There are lots of interesting software tools that the research pros in the class recommended. Many of them were basically interview management platforms with some amount of automatic analysis, and I don’t have any experience to recommend one vs another, but there was something I hadn’t heard of (a weak signal, if you will). Synthetic Users uses LLMs to create fake people matching a profile you make up, then ask them your questions (geared toward product design). Based on my own experience with LLMs, this seems like a good way to generate plausible responses, and to find areas of ambiguity in a survey or interview where your questions aren’t taken the way you intend. This probably goes without saying, but there are a few more things that would have to happen for this to be a valid source of research data.
For my project on the future of religion in the US, I’m planning on doing interviews with some of the people whose names I’ve been seeing crop up in relevant articles, leaders of interfaith groups, and/or hospital chaplains12.
Unsurprising, given the name of the class…
Nuclear fusion as an energy source is the classic example here.
Fully aware of the bias that creeps into data analysis, as well as “researcher degrees of freedom”, etc, but it’s as close as we can get.
Unfortunately, unlike most other articles in the field, I cannot find a copy or a reasonable facsimile on the open internet.
Math, Statistics, and Economics.
I did COVID forecasting in 2020 and 2021 and it was a constant exercise in frustration.
One of my jobs in high school was working as a pollster for Gallup. It was difficult work, and I rarely beat my quota, but now I’m definitely in the upper echelons of my age bracket for willingness to talk to people on the phone.

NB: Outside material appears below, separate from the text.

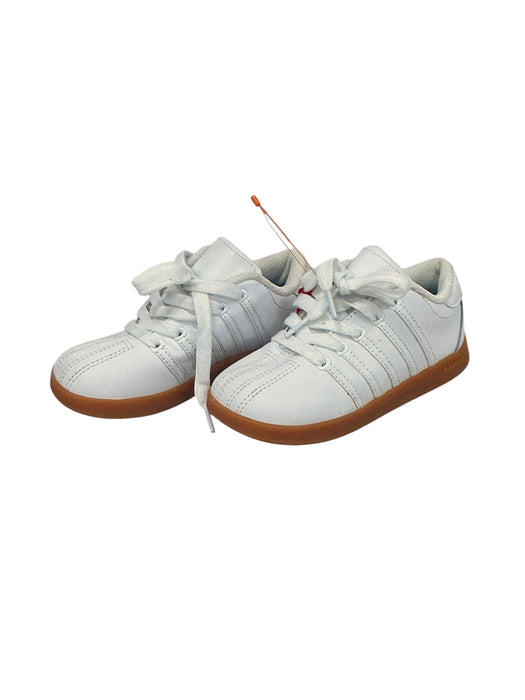 Tenis 10C para niño (K-SWISS)
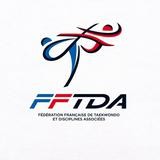 FFTDA, fédération de taekwondo, taekwondo à Paris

Kitchen Table Netrunner was a great vehicle for learning audio editing, and for breaking into a cool community (it’s surprising how many people will talk to you when you have a microphone).
I assume this is partly due to human research protections and partly due to the desire to compare results and to answer a predefined research question.
Hypothetically - unsurprisingly, for this class I am a team of one.
It can also be helpful to have a “position document” that subjects can read and react to, for example if there are existing visions or plans in the space.
Chaplains in particular seem uniquely connected to the on-the-ground experience of a cross-section of the population.